7. I have looked in to the record and find that since admittedly, the petitioner had posted the respondent no. 2-workman at Meerut and were taking work from him at Meerut, and since his services stood dispensed with while he was working at Meerut, part of the cause of action arose at Meerut and, therefore, the respondent no. 1 labour court had full jurisdiction to decide the reference made to it by the State Government, which admittedly was not challenged by the petitioner at the time of the proceedings, initiated before the labour court, though it had been challenged at the time of conciliation proceedings stage that the reference was not maintainable  but it was not subsequently challenged at the higher forum.

8. Looking into the facts and circumstances of the case, I am of the view that the employer- petitioner was duty bound to have sent a notice to the workman - respondent no. 2 in writing for joining his duty and in case he did not turn up thereafter his services could be dispensed with, that too in writing, which, admittedly, has not been so done in the present case, as is apparent from the record.  The petitioner has also partly failed to comply with the interim direction of this Court wherein it was provided that the operation of the award of the labour court shall remain stayed subject to the condition that the petitioner deposits a sum of Rs. 40,000/- before the Deputy Labour Commissioner, Meerut within period of one month from that date, and, it was also provided that the petitioner would offer an alternative suitable employment to the workman- respondent no. 2 within one month. The petitioner Company in compliance of the later part of the interim order issued three letters one after another to the workman offering him job at Faridabad, which admittedly, had not been accepted by the workman at that stage. However, since the workman was not ready to work at Faridabad office or any other place, the workman was not entitled to any back wages, in view of the settled law as laid down by the apex Court.

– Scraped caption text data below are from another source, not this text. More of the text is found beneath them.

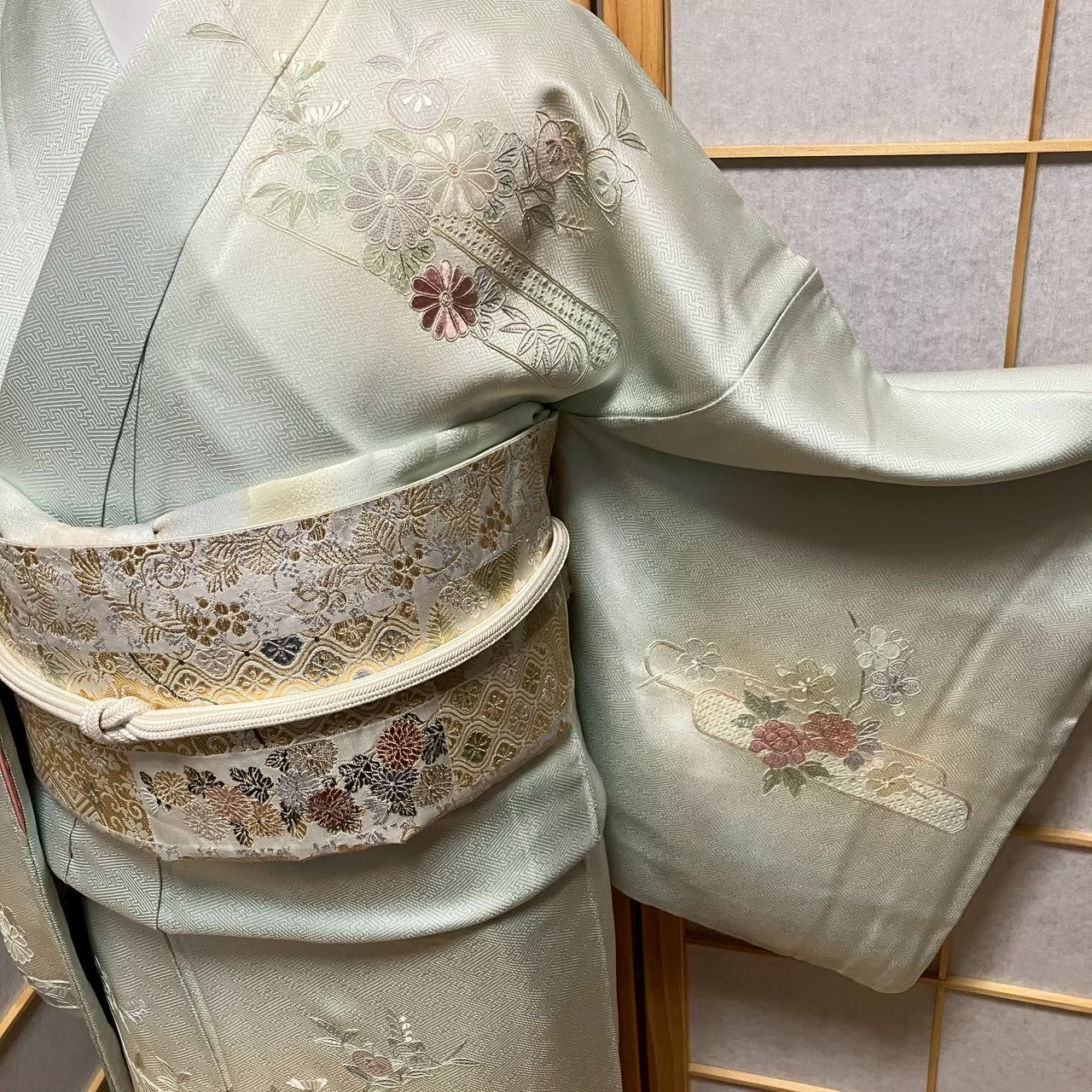 7169# Japanese Kimono Vintage Womens Silk Fabric Robe Kimono only sold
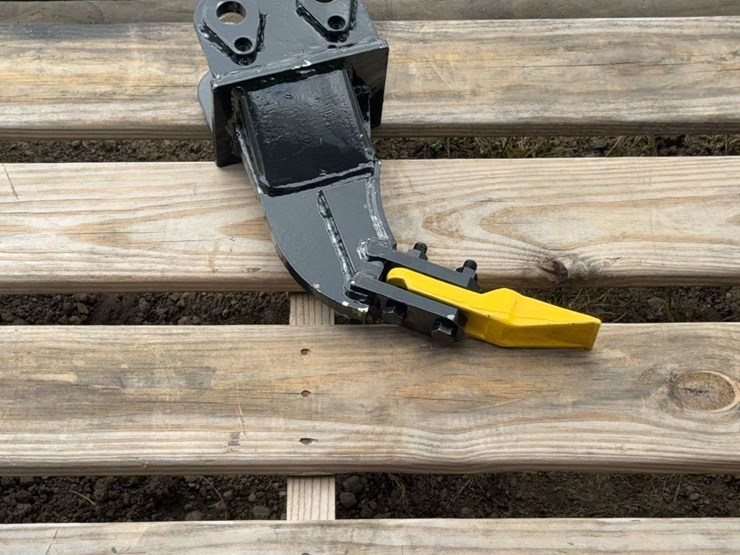 mini-excavator-ripper-tooth-attachment-image-1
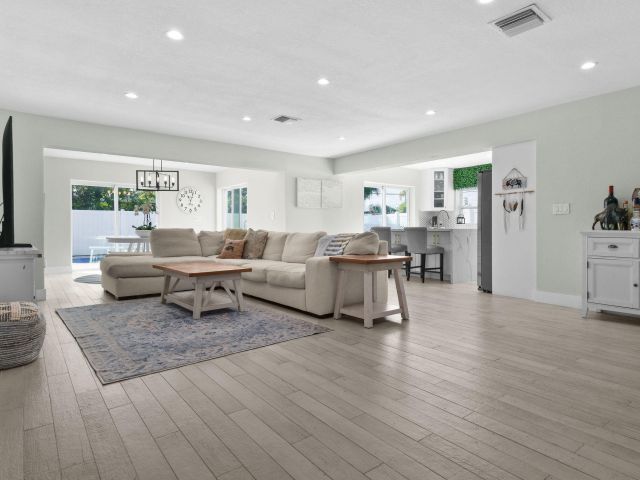 Home for sale at 912 SE 15th Court - photo 6848294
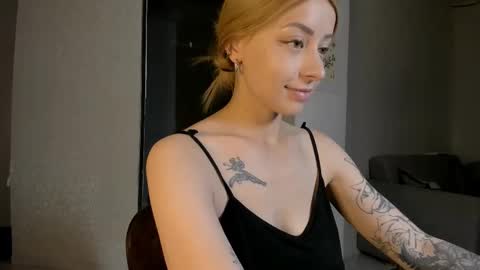 Snapshot of jane_bright chatting on February 15, 9:17 pm Jane online show from February 15, 9:17 pm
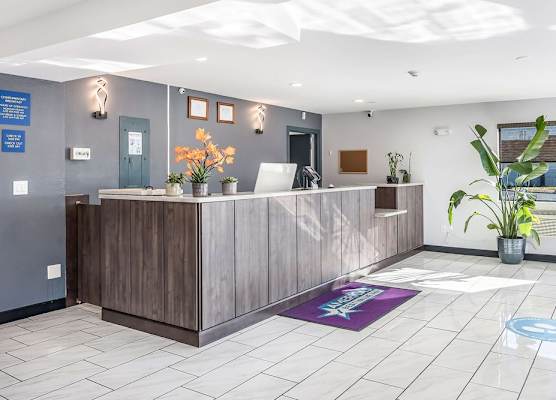 Americas Best Value Inn East Peoria 1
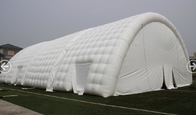 야외 대형 붓기용 이벤트 파티 차고 헝가리 쉼터 텐트 거대 붓기용 터널 건물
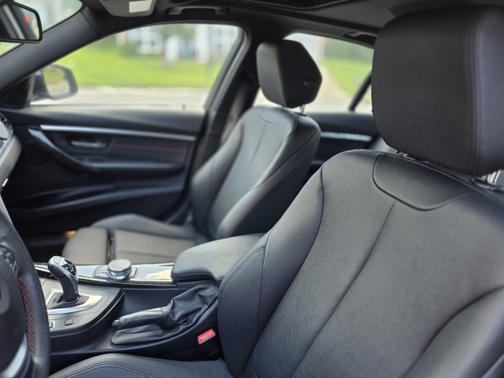2018 BMW 330 i
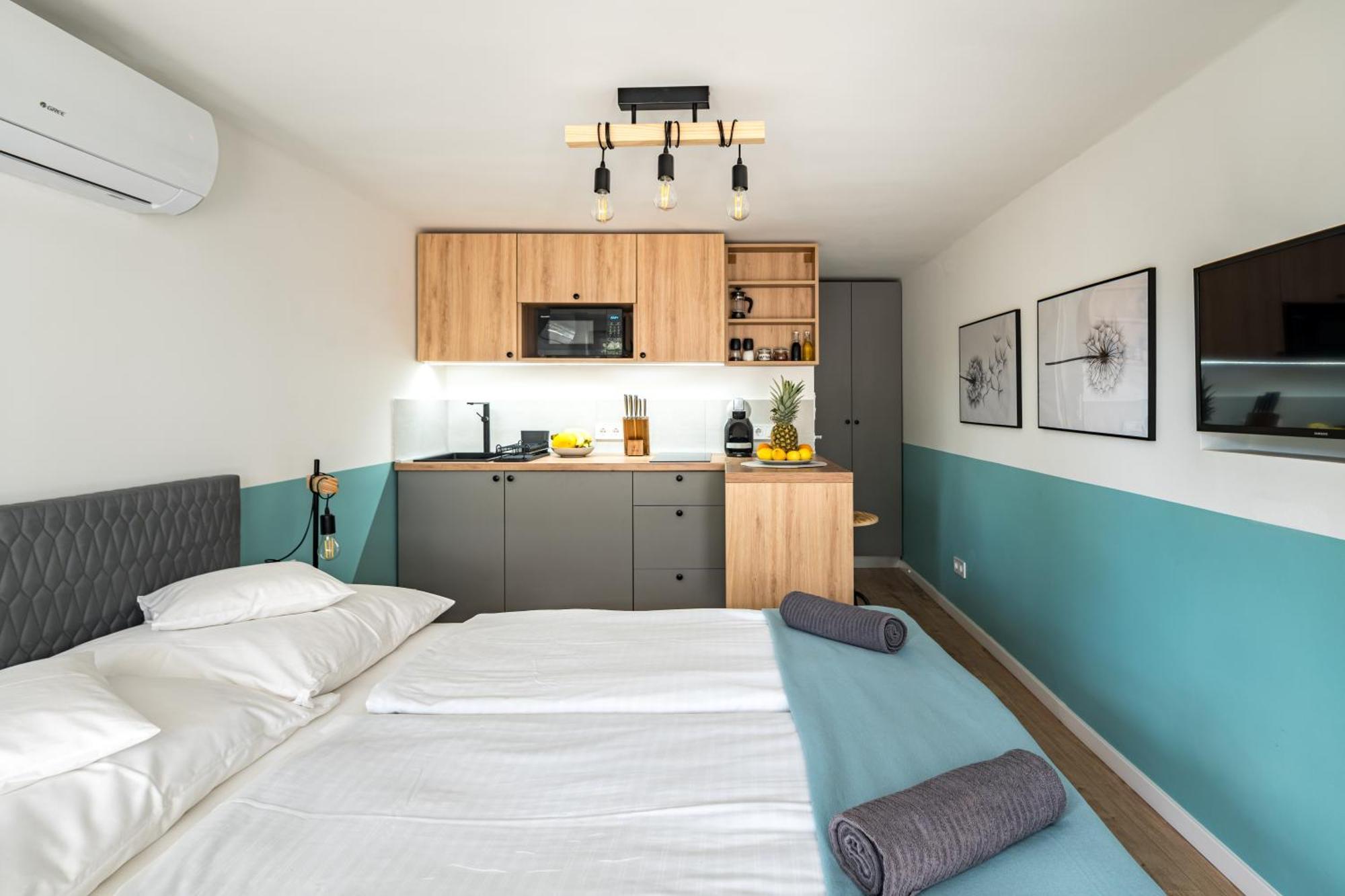 Balatonic Lemon Apartmanhaz Siofok Exterior photo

Under the facts and circumstances of the case and observations made herein before, the writ petition is disposed off with the direction that the petitioner shall take back the respondent no. 2-workman in the employment provided the workman approaches the petitioner for joining his services through a written request made within one month, and pay him the regular wages, in accordance with law. However, the workman-respondent no.2 shall not be entitled to any back wages as awarded by the labour Court-respondent no.1 for the period he has not worked and the impugned award stands modified accordingly. There will be no order as to costs.